The PoseNetCNN model combines traditional CNN features with pose key points data. This model processes key points through a separate multi-layer perceptron (MLP), merges them with CNN-derived features, and further processes the combined data through an extensive MLP for classification. The model employs Leaky ReLU activations for the key points MLP to mitigate the dying ReLU problem.

In [None]:
class PoseNetCNN(nn.Module):
    def __init__(self, num_keypoints=17, num_classes=1, lrelu_tr=0.1):
        super(PoseNetCNN, self).__init__()
        self.name="PoseNetCNN"

        self.cnn = nn.Sequential(
            nn.Conv2d(3, 32, 3, padding=1),
            nn.ReLU(),
            nn.MaxPool2d(2, 2),  # 112x112x32
            nn.Conv2d(32, 64, 3, padding=1),
            nn.ReLU(),
            nn.MaxPool2d(2, 2),  # 56x56x64
            nn.Conv2d(64, 128, 3, padding=1),
            nn.ReLU(),
            nn.MaxPool2d(2, 2),  # 28x28x128
        )


        self.yoloMLP = nn.Sequential(
            nn.Linear(num_keypoints * 2, 128),  # 17 * 2 (x, y)
            nn.LeakyReLU(lrelu_tr),
            nn.Linear(128, 64),
            nn.LeakyReLU(lrelu_tr)
        )

        self.combinedMLP = nn.Sequential(
            nn.Linear(128 * 28 * 28 + 64, 1024),
            nn.ReLU(),
            nn.Linear(1024, 256),
            nn.ReLU(),
            nn.Linear(256, 128),
            nn.ReLU(),
            nn.Linear(128, num_classes)
        )

    def forward(self, x, keypoints):
        # CNN
        x = self.cnn(x)
        x = torch.flatten(x, 1)

        # yoloMLP
        keypoints = keypoints.view(keypoints.size(0), -1) #
        yoloMLP_out = self.yoloMLP(keypoints)

        # concat
        concat_features = torch.cat((x, yoloMLP_out), dim=1)
        #
        output = self.combinedMLP(concat_features)

        return output

In [None]:
yoloPoseModel = YOLO('F:/UT_MIE/MIE1517/Project/yolov8n-pose.pt')
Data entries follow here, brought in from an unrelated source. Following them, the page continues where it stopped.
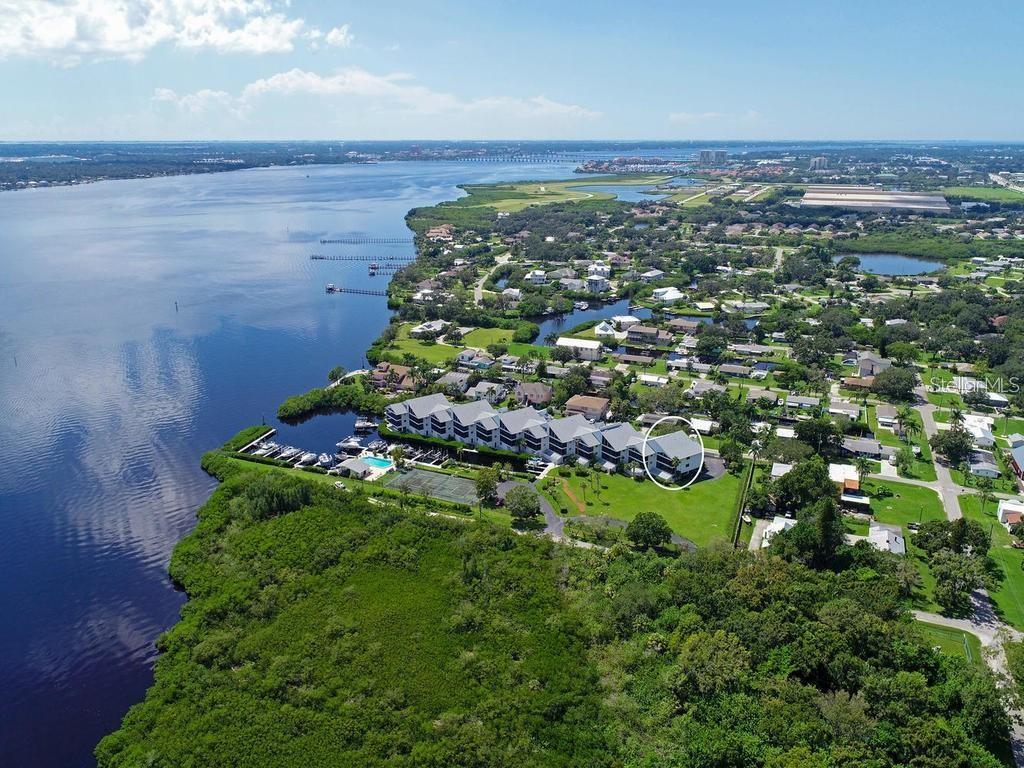 BOATERS! This is the place you have been looking for! Peaceful, quiet and when you want to go boating just walk down to your boat. I expect you will throughly enjoy the boating and the condo. Do you need a place for your BOAT and a 2 bedroom/2 bathroom End Unit Condo to go with it? This is the ideal location for you. Water Property on canal to Manatee River! Water and Electric at Boat Slip. Screened lanai spans across the back of the Condo which also includes a storage closet at the end. Assigned storage unit near your 2 under building parking spots. NO POPCORN CEILING, it's gone! Vertical blinds in Main Bedroom and Living Room Dec. 2022, and Refrigerator 2020, Kitchen, Guest Bedroom and Dining Area Blinds 2020, HVAC System with Ultra Violet Light-2020, freshly painted living-dining and Main bedroom July 2025. 3 new ceiling fans with lights July 2025. New light fixture in dining area July 2025. Once you exit the Marina on your boat there is convenient access up the Manatee River or out to the Gulf. This Old Florida charm community makes this a great place to be. River Place Community includes marina, pool house, pool bathrooms, a place to clean the catch of the day, kayak and canoe storage, outdoor grills, tennis court and gated on West side of complex. Can't help but love it here. Can be leased annually and NO need to wait a year or more to lease. Indoor Pest Service every other month and Outdoor Pest Service every other month by Association. Condo location is only approximately 1 mile from I75 at Exit 224 which is the Ellenton Outlet Mall Exit and 275 North is Exit 228. Approximate miles to 5 Airports! -Tampa airport is 44.4 miles, St. Pete airport is 38.8 miles, Sarasota airport is only 13.2, Punta Gorda airport is 65.8 miles and Ft. Myers airport is 100 miles! Great location. Downtown Tampa to the Amalie Arena is approximately 42.2 miles. UTC Mall is Exit 213 and downtown Sarasota is approximately 22 miles, so much to do in Sarasota , Bradenton and Tampa. Jump on your boat and pick a beach to go to or head out to Egmont Key or find that premium fishing spot. Sports enthusiasts-You can water ski, tube, wake board or go out to the Gulf for some Scuba Diving, snorkeling or fishing. Gulf Sunsets are spectacular.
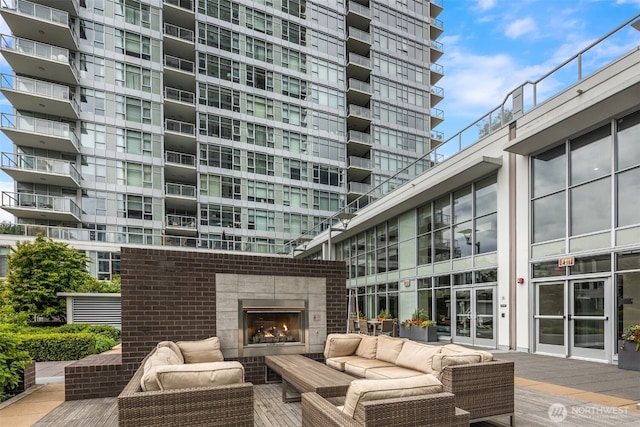 583 Battery St Unit 3802, Seattle, WA 98121 - view of patio featuring an outdoor living space with a fireplace and a deck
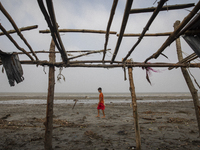 A boy is walking past a damaged shop after Cyclone Remal's landfall in Patuakhali, Bangladesh, on May 29, 2024. Cyclone Remal, which is maki...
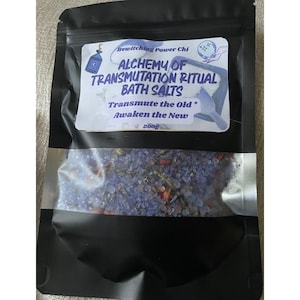 Może przedstawiać: Czarna torebka strunowa zawierająca 200g fioletowej soli do kąpieli z suszonymi roślinami. Etykieta zawiera napis: Bewitching Power Chi, ALCHEMY OF TRANSMUTATION RITUAL BATH SALTS, Transmute the Old, Awaken the New, oraz ilustracje butelki i kuli.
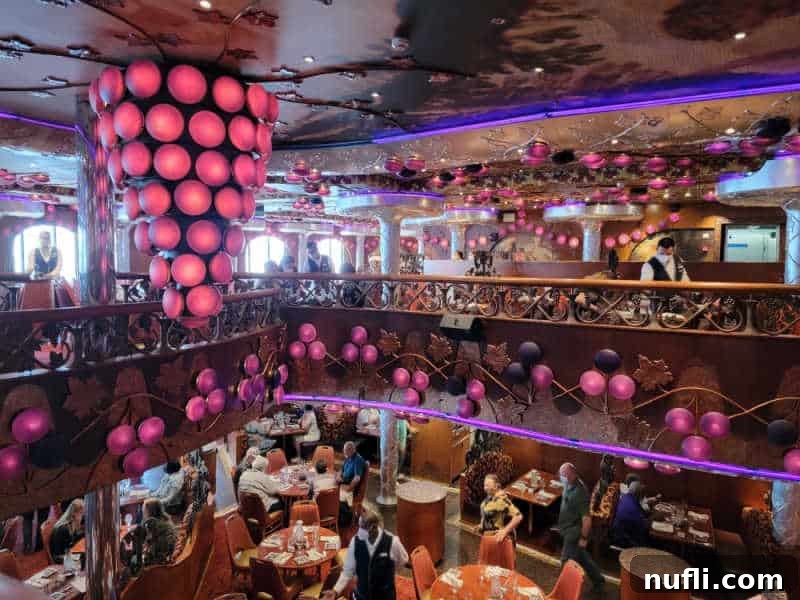 Carnival two story dinings room with grapes and purple lights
PoseNetCNN_model = PoseNetCNN()
# # data parallel
# # model = nn.DataParallel(model, device_ids=[0, 1])
PoseNetCNN_model.to(torch.device("cuda:0"))
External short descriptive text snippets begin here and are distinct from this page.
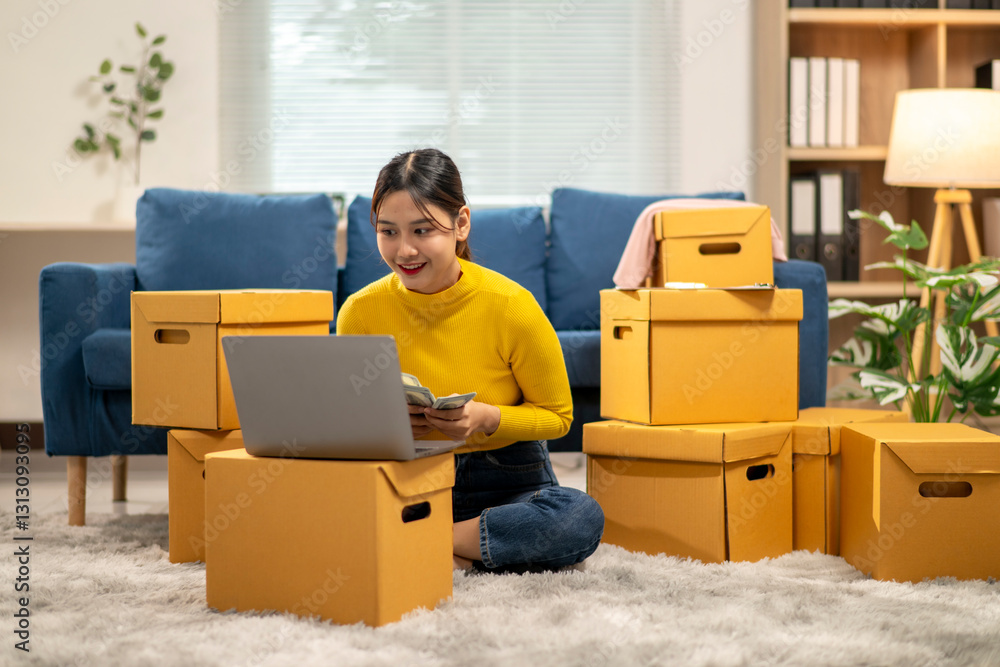 A woman sitting on the floor in front of a pile of cardboard boxes A woman sitting on the floor in front of a pile of cardboard boxes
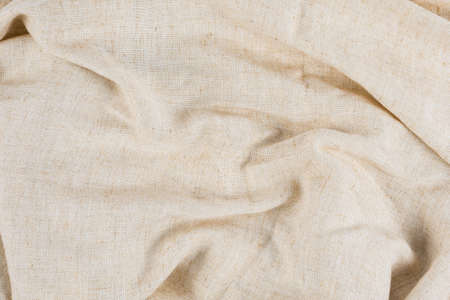 Texture of brown fabric crumpled. Suitable for use background and place text over photo.の写真素材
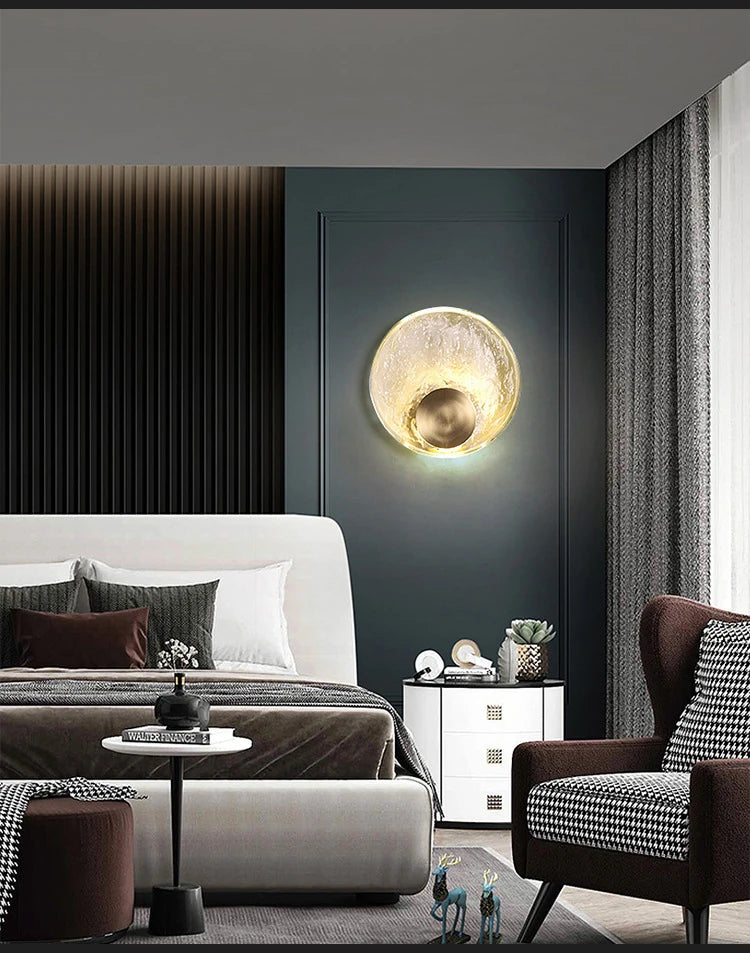 Modern bedroom with a bed, side table, and wall-mounted lamp.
train_PoseNetCNN(train_dataset=train_dataset,
            val_dataset=val_dataset,
            model=PoseNetCNN_model,
            num_epochs=10,
            bsz=64,
            lr=0.001,
            patience=3,
            PoseNetModel=yoloPoseModel,
            use_gpu=True,
            plot_=True,
            model_dir='models')

### **2.3.2 PoseNet + SqueezeNet**

The PoseNetSqueeze class modifies the SqueezeNet architecture to specialize in pose estimation by integrating pose key points with SqueezeNet's extracted features. Key adjustments include removing SqueezeNet's original classifier and replacing it with a new sequence tailored for pose estimation, incorporating a separate MLP for processing key points data, and combining these features through an additional MLP for final predictions.

In [None]:
class PoseNetSqueeze(nn.Module):
    def __init__(self, num_keypoints=17, num_classes=1, lrelu_tr=0.1, pretrained=True):
        super(PoseNetSqueeze, self).__init__()
        self.name = "PoseNetSqueeze"

        # Load a pretrained SqueezeNet model
        self.squeezenet = models.squeezenet1_0(pretrained=pretrained)
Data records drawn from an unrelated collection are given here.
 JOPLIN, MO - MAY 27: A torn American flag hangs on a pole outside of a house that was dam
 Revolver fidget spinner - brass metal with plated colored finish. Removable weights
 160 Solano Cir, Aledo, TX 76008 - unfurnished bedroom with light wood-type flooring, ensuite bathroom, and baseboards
        # Remove the classifier of SqueezeNet
        # SqueezeNet uses a classifier that starts with a 'dropout' layer
        self.squeezenet.features = nn.Sequential(*list(self.squeezenet.children())[0])

        # SqueezeNet's final convolution layer outputs 512 channels with a 13x13 spatial dimension when the input is 224x224
        # We need to adapt the combined MLP to this new structure
        final_conv = nn.Conv2d(512, num_classes, kernel_size=1)
        self.squeezenet.classifier = nn.Sequential(
            nn.Dropout(p=0.5),
            final_conv,
            nn.ReLU(inplace=True),
            nn.AdaptiveAvgPool2d((1, 1))
        )

        # MLP for processing keypoints
        self.yoloMLP = nn.Sequential(
            nn.Linear(num_keypoints * 2, 128),  # 17 * 2 (x, y)
            nn.LeakyReLU(lrelu_tr),
            nn.Linear(128, 64),
            nn.LeakyReLU(lrelu_tr)
        )

        # Combined MLP
        # Adjust the input features of the combinedMLP to match SqueezeNet's output
        self.combinedMLP = nn.Sequential(
            nn.Linear(num_classes + 64, 1024),
            nn.ReLU(),
            nn.Linear(1024, 256),
            nn.ReLU(),
            nn.Linear(256, 128),
            nn.ReLU(),
            nn.Linear(128, num_classes)
        )

    def forward(self, x, keypoints):
        # Process images through the SqueezeNet model
        x = self.squeezenet.features(x)
        x = self.squeezenet.classifier(x)
        x = torch.flatten(x, 1)

        # yoloMLP
        keypoints = keypoints.view(keypoints.size(0), -1)
        yoloMLP_out = self.yoloMLP(keypoints)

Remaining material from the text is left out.